→ **DATASET ENTRIES**
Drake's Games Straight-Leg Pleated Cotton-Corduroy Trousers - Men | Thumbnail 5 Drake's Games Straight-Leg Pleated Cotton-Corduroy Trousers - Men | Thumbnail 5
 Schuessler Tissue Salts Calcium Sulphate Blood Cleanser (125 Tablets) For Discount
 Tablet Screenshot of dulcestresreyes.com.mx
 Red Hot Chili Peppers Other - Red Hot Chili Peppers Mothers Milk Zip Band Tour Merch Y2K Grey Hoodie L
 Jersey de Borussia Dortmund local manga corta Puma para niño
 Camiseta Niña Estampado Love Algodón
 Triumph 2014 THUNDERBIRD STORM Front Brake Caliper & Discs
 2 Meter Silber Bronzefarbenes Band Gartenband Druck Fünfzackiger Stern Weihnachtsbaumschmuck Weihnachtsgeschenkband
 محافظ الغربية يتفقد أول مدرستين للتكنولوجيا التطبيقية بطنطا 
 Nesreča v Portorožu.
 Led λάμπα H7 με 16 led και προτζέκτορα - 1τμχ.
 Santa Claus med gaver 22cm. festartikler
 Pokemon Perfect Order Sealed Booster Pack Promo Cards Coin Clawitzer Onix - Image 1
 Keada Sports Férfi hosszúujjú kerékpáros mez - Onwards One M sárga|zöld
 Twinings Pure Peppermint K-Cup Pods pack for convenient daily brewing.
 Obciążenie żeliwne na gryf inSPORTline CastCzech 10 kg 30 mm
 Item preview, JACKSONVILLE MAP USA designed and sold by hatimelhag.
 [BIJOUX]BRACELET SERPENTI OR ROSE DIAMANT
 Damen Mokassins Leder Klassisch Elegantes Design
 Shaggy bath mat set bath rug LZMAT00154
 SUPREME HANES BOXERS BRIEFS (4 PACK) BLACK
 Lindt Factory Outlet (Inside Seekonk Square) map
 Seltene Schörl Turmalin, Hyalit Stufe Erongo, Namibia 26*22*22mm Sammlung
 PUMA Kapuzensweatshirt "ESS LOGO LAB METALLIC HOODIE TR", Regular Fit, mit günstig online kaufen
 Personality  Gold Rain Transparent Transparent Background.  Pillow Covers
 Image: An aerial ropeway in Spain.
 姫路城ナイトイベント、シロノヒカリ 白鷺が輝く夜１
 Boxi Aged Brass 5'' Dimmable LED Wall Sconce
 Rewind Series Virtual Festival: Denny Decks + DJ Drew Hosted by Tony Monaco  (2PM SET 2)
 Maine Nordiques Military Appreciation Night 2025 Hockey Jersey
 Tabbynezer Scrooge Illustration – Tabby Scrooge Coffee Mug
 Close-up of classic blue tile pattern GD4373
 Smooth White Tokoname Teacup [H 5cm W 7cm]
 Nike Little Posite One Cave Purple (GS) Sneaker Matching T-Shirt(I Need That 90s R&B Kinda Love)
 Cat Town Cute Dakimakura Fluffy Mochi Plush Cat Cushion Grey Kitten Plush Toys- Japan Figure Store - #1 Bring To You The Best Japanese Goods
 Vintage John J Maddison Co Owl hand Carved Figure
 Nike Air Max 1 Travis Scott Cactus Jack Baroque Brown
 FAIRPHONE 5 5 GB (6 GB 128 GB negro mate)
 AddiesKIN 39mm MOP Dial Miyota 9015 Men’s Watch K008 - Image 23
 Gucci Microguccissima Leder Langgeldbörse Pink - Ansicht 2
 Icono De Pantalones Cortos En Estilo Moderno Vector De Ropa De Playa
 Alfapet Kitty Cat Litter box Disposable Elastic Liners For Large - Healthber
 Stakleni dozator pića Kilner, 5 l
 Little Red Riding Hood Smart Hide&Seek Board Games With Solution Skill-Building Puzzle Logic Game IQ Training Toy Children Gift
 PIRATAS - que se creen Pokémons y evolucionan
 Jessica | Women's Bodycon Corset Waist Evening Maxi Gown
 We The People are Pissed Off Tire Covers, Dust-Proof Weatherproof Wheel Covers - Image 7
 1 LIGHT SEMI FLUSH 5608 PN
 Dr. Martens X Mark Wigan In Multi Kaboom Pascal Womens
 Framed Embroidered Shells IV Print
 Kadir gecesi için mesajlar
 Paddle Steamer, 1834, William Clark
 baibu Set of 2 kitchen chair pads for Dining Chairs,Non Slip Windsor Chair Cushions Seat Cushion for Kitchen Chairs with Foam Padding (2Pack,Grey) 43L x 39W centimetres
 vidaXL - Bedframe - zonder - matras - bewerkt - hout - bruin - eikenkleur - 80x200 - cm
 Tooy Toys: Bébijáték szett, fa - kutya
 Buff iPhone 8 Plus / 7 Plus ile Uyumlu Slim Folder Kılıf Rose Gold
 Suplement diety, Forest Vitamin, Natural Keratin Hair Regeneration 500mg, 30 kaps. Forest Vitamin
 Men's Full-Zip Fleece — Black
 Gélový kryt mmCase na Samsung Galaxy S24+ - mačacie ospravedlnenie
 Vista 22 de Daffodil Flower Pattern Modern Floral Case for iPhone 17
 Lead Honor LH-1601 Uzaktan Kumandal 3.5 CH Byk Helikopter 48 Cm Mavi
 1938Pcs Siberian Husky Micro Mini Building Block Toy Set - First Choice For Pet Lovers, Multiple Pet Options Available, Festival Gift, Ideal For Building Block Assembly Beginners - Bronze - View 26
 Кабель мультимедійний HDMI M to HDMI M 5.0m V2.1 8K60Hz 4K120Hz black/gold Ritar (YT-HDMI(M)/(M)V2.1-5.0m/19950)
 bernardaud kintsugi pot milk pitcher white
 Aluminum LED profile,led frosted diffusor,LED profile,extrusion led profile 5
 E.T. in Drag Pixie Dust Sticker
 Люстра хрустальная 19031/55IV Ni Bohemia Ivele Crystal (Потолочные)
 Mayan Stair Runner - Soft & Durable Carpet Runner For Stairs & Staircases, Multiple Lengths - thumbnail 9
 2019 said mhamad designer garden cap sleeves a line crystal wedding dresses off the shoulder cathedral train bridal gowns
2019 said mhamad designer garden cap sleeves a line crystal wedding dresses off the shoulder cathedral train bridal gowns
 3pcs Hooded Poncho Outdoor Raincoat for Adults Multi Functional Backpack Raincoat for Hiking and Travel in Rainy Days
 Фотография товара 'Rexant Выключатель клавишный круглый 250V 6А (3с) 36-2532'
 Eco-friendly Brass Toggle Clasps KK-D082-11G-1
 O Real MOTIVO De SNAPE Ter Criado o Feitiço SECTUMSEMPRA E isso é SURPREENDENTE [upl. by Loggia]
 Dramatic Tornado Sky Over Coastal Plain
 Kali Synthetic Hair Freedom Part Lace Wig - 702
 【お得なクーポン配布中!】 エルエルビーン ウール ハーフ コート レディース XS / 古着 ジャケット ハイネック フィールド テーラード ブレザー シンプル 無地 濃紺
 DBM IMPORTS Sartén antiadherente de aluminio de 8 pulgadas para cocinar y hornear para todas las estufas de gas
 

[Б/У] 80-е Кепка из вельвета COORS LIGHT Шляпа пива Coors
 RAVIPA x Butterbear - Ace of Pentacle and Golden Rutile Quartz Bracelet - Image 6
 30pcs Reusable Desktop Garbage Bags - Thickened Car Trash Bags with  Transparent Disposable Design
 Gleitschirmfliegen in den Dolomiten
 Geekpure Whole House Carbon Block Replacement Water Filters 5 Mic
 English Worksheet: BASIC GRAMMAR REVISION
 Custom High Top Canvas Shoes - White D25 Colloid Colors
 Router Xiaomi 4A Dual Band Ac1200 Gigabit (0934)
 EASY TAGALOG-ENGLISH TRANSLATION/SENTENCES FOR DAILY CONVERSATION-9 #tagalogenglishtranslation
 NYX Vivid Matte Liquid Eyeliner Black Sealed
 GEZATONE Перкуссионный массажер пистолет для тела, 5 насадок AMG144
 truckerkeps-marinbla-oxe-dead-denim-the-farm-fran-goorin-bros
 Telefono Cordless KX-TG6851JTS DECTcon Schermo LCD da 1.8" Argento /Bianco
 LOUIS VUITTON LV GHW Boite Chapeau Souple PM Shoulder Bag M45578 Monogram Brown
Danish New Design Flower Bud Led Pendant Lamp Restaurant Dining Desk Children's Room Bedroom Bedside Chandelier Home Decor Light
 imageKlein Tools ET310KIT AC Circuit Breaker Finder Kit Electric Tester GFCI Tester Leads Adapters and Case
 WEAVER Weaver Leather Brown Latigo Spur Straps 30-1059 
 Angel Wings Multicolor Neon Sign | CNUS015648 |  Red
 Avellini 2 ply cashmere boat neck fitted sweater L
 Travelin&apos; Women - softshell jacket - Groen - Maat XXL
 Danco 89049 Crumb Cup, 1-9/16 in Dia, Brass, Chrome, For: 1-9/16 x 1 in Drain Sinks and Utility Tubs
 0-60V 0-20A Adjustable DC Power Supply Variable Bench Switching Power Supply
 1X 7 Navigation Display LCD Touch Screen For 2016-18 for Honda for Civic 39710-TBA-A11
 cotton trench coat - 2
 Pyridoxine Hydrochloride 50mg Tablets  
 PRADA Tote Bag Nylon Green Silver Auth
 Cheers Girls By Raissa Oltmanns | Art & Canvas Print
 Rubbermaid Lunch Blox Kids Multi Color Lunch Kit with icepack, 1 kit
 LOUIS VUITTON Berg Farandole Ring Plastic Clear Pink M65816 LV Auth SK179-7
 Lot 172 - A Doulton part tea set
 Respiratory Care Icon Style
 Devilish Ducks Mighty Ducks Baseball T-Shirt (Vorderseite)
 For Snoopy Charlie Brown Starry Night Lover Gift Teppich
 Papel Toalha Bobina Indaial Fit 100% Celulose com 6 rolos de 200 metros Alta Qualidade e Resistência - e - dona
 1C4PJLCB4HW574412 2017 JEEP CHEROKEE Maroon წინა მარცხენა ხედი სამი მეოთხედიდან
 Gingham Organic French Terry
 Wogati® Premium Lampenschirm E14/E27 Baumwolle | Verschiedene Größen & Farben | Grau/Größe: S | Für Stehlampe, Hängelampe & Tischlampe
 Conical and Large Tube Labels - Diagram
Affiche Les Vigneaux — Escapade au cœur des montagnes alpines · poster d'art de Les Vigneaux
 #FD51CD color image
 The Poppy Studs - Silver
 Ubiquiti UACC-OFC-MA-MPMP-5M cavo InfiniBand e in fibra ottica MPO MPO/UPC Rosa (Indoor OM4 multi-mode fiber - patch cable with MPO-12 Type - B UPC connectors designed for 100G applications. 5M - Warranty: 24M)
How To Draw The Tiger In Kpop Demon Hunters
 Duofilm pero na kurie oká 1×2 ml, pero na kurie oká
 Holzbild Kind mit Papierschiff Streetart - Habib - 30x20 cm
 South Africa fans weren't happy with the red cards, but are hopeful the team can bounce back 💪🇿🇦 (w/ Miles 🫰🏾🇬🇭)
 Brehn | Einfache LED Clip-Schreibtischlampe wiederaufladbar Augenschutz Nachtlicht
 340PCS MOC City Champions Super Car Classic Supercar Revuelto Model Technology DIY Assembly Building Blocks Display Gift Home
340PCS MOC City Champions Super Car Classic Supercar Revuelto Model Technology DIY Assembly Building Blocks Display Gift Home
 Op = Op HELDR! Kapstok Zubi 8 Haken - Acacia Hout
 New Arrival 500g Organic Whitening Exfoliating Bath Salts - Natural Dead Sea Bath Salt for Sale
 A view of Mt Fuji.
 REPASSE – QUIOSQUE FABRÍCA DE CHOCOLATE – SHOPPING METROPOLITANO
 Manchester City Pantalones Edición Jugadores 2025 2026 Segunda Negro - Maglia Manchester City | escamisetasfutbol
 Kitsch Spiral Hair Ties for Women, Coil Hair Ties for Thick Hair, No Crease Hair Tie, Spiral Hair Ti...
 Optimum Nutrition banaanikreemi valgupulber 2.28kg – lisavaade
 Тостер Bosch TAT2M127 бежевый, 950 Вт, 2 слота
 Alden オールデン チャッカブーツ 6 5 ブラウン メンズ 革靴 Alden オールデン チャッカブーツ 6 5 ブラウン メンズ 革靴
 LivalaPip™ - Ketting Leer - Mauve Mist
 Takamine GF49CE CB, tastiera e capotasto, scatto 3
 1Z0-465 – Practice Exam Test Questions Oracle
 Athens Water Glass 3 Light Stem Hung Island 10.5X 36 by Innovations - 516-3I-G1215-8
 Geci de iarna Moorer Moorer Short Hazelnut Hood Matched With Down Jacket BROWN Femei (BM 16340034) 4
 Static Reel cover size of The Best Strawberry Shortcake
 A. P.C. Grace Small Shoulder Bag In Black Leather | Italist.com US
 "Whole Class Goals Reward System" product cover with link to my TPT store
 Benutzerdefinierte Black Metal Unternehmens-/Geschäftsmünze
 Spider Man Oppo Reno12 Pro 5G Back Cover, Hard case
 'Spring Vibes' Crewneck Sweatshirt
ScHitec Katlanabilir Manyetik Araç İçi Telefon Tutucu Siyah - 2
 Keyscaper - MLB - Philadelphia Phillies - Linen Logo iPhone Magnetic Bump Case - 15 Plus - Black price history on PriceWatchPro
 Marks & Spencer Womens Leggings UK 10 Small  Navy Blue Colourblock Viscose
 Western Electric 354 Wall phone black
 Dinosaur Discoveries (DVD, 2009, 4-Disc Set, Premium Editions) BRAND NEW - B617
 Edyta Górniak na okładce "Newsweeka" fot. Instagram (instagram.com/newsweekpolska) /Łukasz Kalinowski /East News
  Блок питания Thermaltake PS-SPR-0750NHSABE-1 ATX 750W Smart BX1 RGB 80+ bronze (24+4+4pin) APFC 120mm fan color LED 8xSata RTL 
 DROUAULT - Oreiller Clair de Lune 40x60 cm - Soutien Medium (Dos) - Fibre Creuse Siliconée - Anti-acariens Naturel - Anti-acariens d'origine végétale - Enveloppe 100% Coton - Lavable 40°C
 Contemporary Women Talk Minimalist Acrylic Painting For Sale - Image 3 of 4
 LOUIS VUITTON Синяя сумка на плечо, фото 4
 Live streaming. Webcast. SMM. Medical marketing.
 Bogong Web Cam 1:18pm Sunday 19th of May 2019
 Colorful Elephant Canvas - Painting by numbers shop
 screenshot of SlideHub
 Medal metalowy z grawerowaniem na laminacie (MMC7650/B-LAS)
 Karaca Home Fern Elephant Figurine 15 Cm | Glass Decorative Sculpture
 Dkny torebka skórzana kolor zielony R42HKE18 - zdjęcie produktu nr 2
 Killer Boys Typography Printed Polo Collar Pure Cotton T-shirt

→ **WHAT YOU WILL DO**
Within the listing above, locate the line containing "PIRATAS - que" and the line containing "Dramatic Tornado Sky Over Coastal Plain". Reproduce those two lines and all lines between them exactly, with nothing added.

→ **YOUR SOLUTION**
 PIRATAS - que se creen Pokémons y evolucionan
 Jessica | Women's Bodycon Corset Waist Evening Maxi Gown
 We The People are Pissed Off Tire Covers, Dust-Proof Weatherproof Wheel Covers - Image 7
 1 LIGHT SEMI FLUSH 5608 PN
 Dr. Martens X Mark Wigan In Multi Kaboom Pascal Womens
 Framed Embroidered Shells IV Print
 Kadir gecesi için mesajlar
 Paddle Steamer, 1834, William Clark
 baibu Set of 2 kitchen chair pads for Dining Chairs,Non Slip Windsor Chair Cushions Seat Cushion for Kitchen Chairs with Foam Padding (2Pack,Grey) 43L x 39W centimetres
 vidaXL - Bedframe - zonder - matras - bewerkt - hout - bruin - eikenkleur - 80x200 - cm
 Tooy Toys: Bébijáték szett, fa - kutya
 Buff iPhone 8 Plus / 7 Plus ile Uyumlu Slim Folder Kılıf Rose Gold
 Suplement diety, Forest Vitamin, Natural Keratin Hair Regeneration 500mg, 30 kaps. Forest Vitamin
 Men's Full-Zip Fleece — Black
 Gélový kryt mmCase na Samsung Galaxy S24+ - mačacie ospravedlnenie
 Vista 22 de Daffodil Flower Pattern Modern Floral Case for iPhone 17
 Lead Honor LH-1601 Uzaktan Kumandal 3.5 CH Byk Helikopter 48 Cm Mavi
 1938Pcs Siberian Husky Micro Mini Building Block Toy Set - First Choice For Pet Lovers, Multiple Pet Options Available, Festival Gift, Ideal For Building Block Assembly Beginners - Bronze - View 26
 Кабель мультимедійний HDMI M to HDMI M 5.0m V2.1 8K60Hz 4K120Hz black/gold Ritar (YT-HDMI(M)/(M)V2.1-5.0m/19950)
 bernardaud kintsugi pot milk pitcher white
 Aluminum LED profile,led frosted diffusor,LED profile,extrusion led profile 5
 E.T. in Drag Pixie Dust Sticker
 Люстра хрустальная 19031/55IV Ni Bohemia Ivele Crystal (Потолочные)
 Mayan Stair Runner - Soft & Durable Carpet Runner For Stairs & Staircases, Multiple Lengths - thumbnail 9
 2019 said mhamad designer garden cap sleeves a line crystal wedding dresses off the shoulder cathedral train bridal gowns
2019 said mhamad designer garden cap sleeves a line crystal wedding dresses off the shoulder cathedral train bridal gowns
 3pcs Hooded Poncho Outdoor Raincoat for Adults Multi Functional Backpack Raincoat for Hiking and Travel in Rainy Days
 Фотография товара 'Rexant Выключатель клавишный круглый 250V 6А (3с) 36-2532'
 Eco-friendly Brass Toggle Clasps KK-D082-11G-1
 O Real MOTIVO De SNAPE Ter Criado o Feitiço SECTUMSEMPRA E isso é SURPREENDENTE [upl. by Loggia]
 Dramatic Tornado Sky Over Coastal Plain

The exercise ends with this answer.